BEGIN
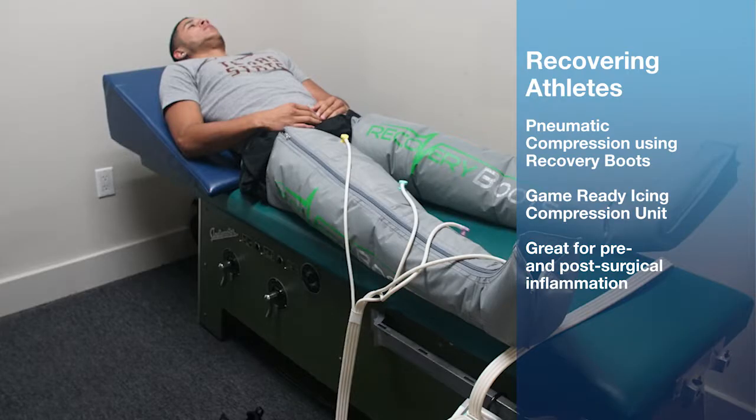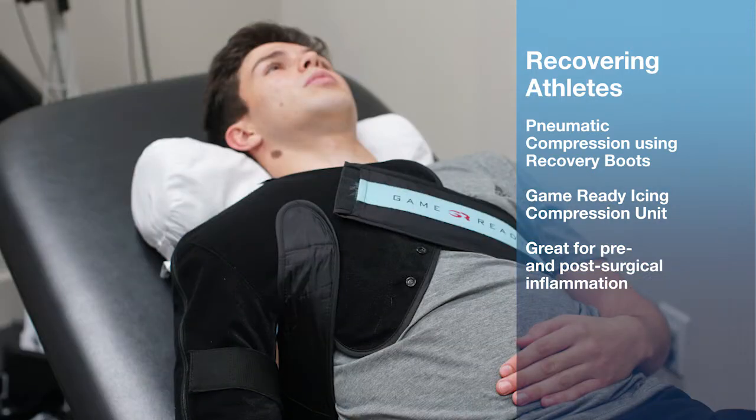We also see a lot of our pre and post surgical patients in here that are dealing with a lot of inflammation, whether it's chronic or acute. They're typically utilizing the Game Ready ice and compression unit.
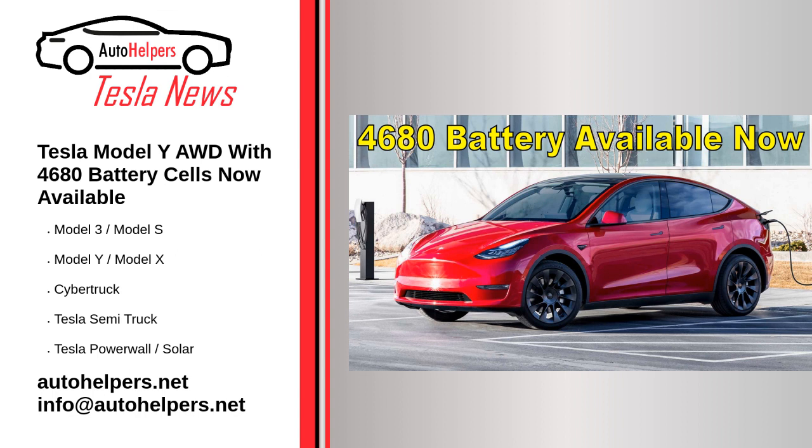Tesla will likely release both long-range and performance versions of the Model Y equipped with 4680 cells. While there are very few 4680 cell Model Y crossovers in the wild, Tesla's senior VP of Powertrain Drew Baglino has already put about 10,000 miles on his personal copy.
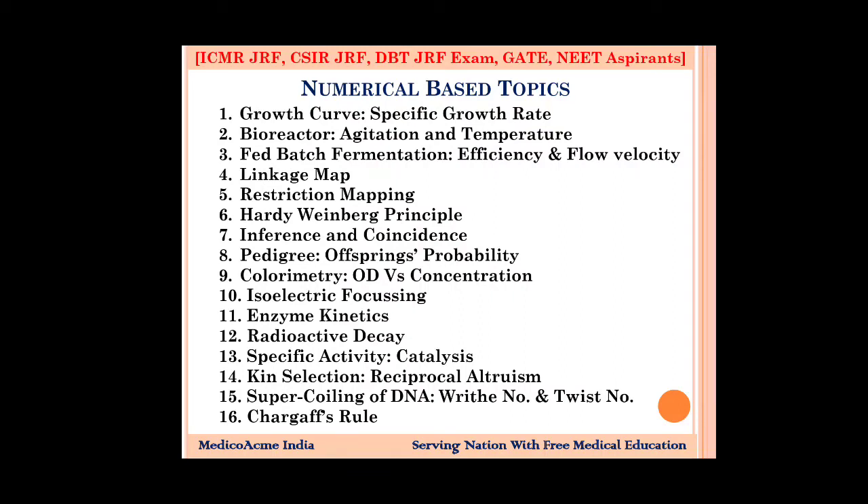In colorimetry and concentration, you need to remember the concentration formulas. Isoelectric focusing is very important to remember. In enzyme kinetics — which is Michaelis-Menten — you need to remember how concentration relates to reaction rate.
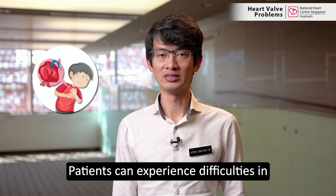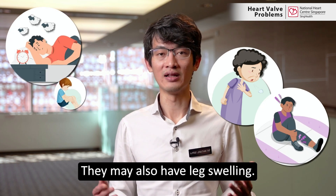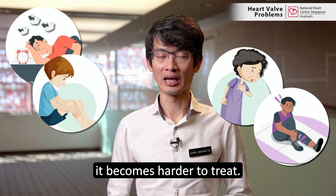Patients can experience difficulties in breathing, walking, and sleeping. They may also have leg swelling. With time, as the heart gets more swollen, it becomes harder to treat.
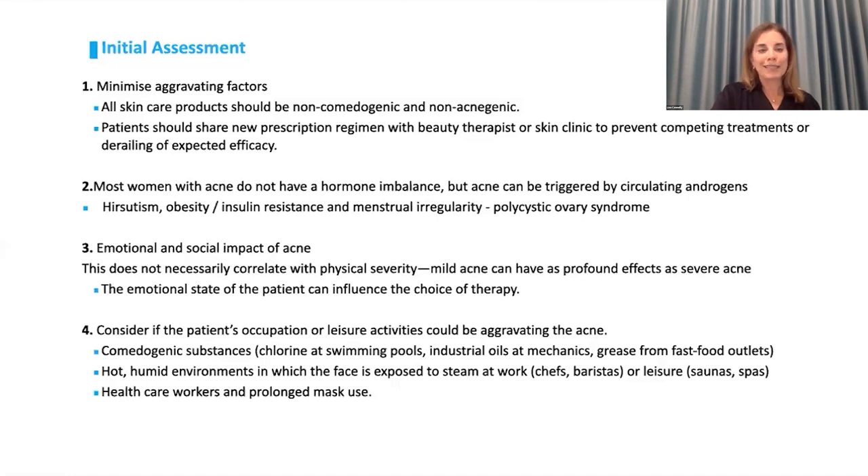There is an emotional and social impact to acne that we should not ignore. I often find it's hard for patients with severe acne to make good eye contact — they come in with a downtrodden stare and as their acne improves, they blossom and you get better eye contact and an overall confidence that comes with clearing. Also don't ignore their occupation and leisure activities — patients exposed to steam or oil in a kitchen, industrial oils, swimming pools with chlorine, hot humid environments, or prolonged mask use will all be affected.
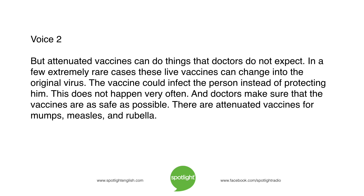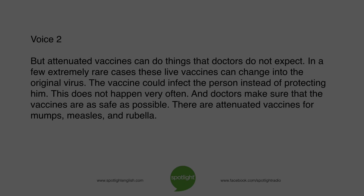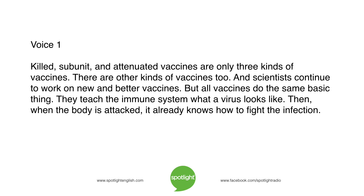This does not happen very often, and doctors make sure that vaccines are as safe as possible. There are attenuated vaccines for mumps, measles, and rubella. Killed, subunit, and attenuated vaccines are only three kinds of vaccines — there are other kinds too. And scientists continue to work on new and better vaccines. But all vaccines do the same basic thing: they teach the immune system what a virus looks like. Then, when the body is attacked, it already knows how to fight the infection.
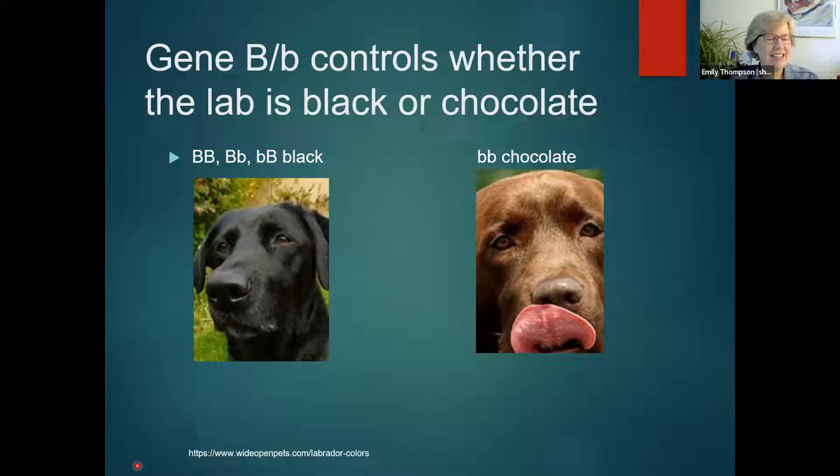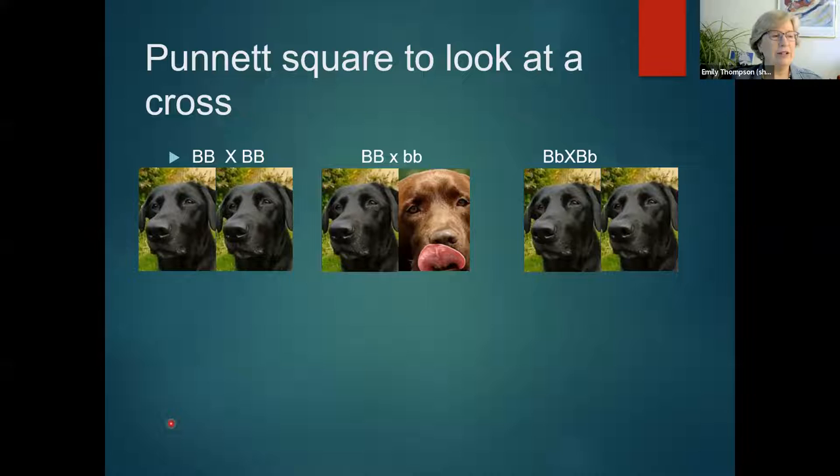And we have the remaining case: where the animal received a little b from both parents. If they're little b, little b, then they're chocolate. Are there any questions so far? This is all about dogs, but it works the same for humans — many genes actually control our skin color and eye color. We can do something called a Punnett square, and you might have done a Punnett square in middle school or high school; we do them in college as well. Are there any other kinds of colors that are different? There's one more, and we'll get to that with the next gene — yellow, but it's with gene E.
END
§ **INSTRUCTIONS FOR THE TASK**
Please reproduce every record exactly, leaving the pictures out.

§ **WRITTEN SOLUTION**
We also see a lot of our pre and post surgical patients in here that are dealing with a lot of inflammation, whether it's chronic or acute. They're typically utilizing the Game Ready ice and compression unit.
Tesla will likely release both long-range and performance versions of the Model Y equipped with 4680 cells. While there are very few 4680 cell Model Y crossovers in the wild, Tesla's senior VP of Powertrain Drew Baglino has already put about 10,000 miles on his personal copy.
In colorimetry and concentration, you need to remember the concentration formulas. Isoelectric focusing is very important to remember. In enzyme kinetics — which is Michaelis-Menten — you need to remember how concentration relates to reaction rate.
Patients can experience difficulties in breathing, walking, and sleeping. They may also have leg swelling. With time, as the heart gets more swollen, it becomes harder to treat.
There is an emotional and social impact to acne that we should not ignore. I often find it's hard for patients with severe acne to make good eye contact — they come in with a downtrodden stare and as their acne improves, they blossom and you get better eye contact and an overall confidence that comes with clearing. Also don't ignore their occupation and leisure activities — patients exposed to steam or oil in a kitchen, industrial oils, swimming pools with chlorine, hot humid environments, or prolonged mask use will all be affected.
This does not happen very often, and doctors make sure that vaccines are as safe as possible. There are attenuated vaccines for mumps, measles, and rubella. Killed, subunit, and attenuated vaccines are only three kinds of vaccines — there are other kinds too. And scientists continue to work on new and better vaccines. But all vaccines do the same basic thing: they teach the immune system what a virus looks like. Then, when the body is attacked, it already knows how to fight the infection.
And we have the remaining case: where the animal received a little b from both parents. If they're little b, little b, then they're chocolate. Are there any questions so far? This is all about dogs, but it works the same for humans — many genes actually control our skin color and eye color. We can do something called a Punnett square, and you might have done a Punnett square in middle school or high school; we do them in college as well. Are there any other kinds of colors that are different? There's one more, and we'll get to that with the next gene — yellow, but it's with gene E.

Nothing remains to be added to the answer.